What is expected -
Here the job is to repeat the listing exactly, but not the pictures in it.

*** Opening Data extract ***

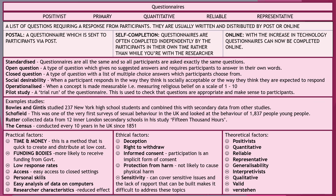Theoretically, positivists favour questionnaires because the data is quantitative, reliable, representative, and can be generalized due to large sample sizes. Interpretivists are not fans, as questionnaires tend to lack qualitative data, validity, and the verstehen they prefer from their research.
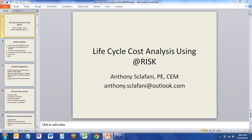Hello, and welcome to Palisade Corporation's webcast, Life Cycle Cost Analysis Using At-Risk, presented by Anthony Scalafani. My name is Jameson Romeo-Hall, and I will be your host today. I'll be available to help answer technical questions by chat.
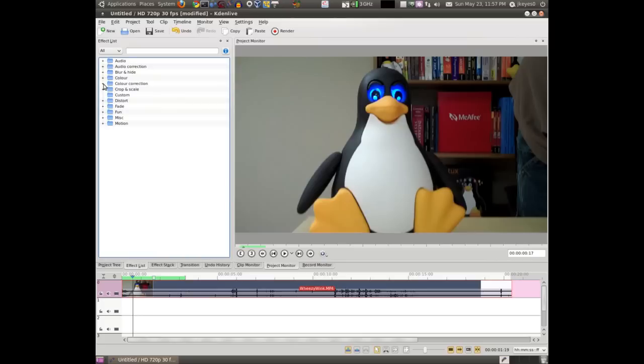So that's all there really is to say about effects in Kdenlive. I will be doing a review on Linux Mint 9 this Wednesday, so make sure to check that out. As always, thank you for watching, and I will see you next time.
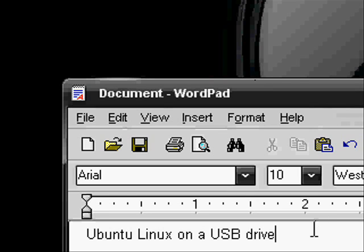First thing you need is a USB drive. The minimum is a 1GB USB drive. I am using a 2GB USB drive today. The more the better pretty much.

*** Closing Data extract ***

Solution to this problem -
Theoretically, positivists favour questionnaires because the data is quantitative, reliable, representative, and can be generalized due to large sample sizes. Interpretivists are not fans, as questionnaires tend to lack qualitative data, validity, and the verstehen they prefer from their research.
Hello, and welcome to Palisade Corporation's webcast, Life Cycle Cost Analysis Using At-Risk, presented by Anthony Scalafani. My name is Jameson Romeo-Hall, and I will be your host today. I'll be available to help answer technical questions by chat.
So that's all there really is to say about effects in Kdenlive. I will be doing a review on Linux Mint 9 this Wednesday, so make sure to check that out. As always, thank you for watching, and I will see you next time.
First thing you need is a USB drive. The minimum is a 1GB USB drive. I am using a 2GB USB drive today. The more the better pretty much.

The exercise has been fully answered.